ESEBEC2016 Poster Presentations (1) (25 abstracts)
University and Hospital Center of Coimbra, Coimbra, Portugal.
Introduction: Multiple endocrine neoplasia type 1 (MEN 1) is a rare syndrome with autosomal dominant inheritance. It mainly involves the parathyroid glands (90%), the pancreas (60%) and the pituitary (40%). More than 300 different MEN1 germline mutations were already described.
Objective: To characterize families with MEN1 followed at the Department of Endocrinology of the University and Hospital Center of Coimbra, Portugal, from 1990 until 2015.
Methods: Data collection from clinical records of patients admitted to the Department of Endocrinology with a confirmed diagnosis of MEN1.

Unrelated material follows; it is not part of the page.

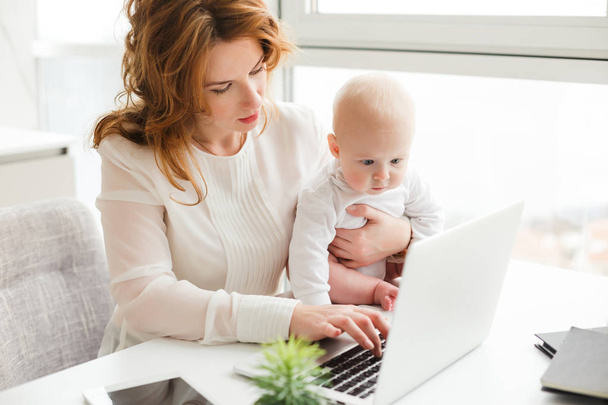 Portret Damy biznes siedział przy stole i pracę na laptopie trzymając swoje małe dziecko na białym tle - Zdjęcie, obraz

Results: A total of 14 patients with MEN1 mutation were identified, grouped into five families. Of the patients studied, 50% were women, with a mean age at diagnosis of 35.4±14.3 years. Patients were followed for 11.1±8.8 years after diagnosis and the survival rate was 93%. On average, each patient had 2.7±1.4 tumors. Primary hyperparathyroidism was present in 64% of patients and was the first manifestation in 43%. On the other hand, 43% of patients had pituitary adenoma and this was the initial manifestation in 22% of the cases. Neuroendocrine tumors of the pancreas were found in 43% of the cases (83% nonfunctioning) and were the first manifestation in 7% of the patients. Adenomas of the adrenal glands were found in 50% of the patients, and were the first manifestation in 7% of the cases. Five different mutations were found: c.1546delC, c.1357C> T, 735del14, c.1A> T and c.637delG. The most frequently comorbidities observed were urolithiasis (43%), osteoporosis/osteopenia (36%) and hypertension (21%). Half of the patients studied had evidence of pulmonary nodules and in 43% of these the diagnosis of bronchial carcinoid was confirmed. Metastatic disease occurred in 14% of patients.
Conclusions: MEN1 is a rare entity in which an insightful clinical suspicion is essential to enable timely diagnosis of the syndrome and of its various components, since the prognosis improves with early detection of its characteristic neoplasias.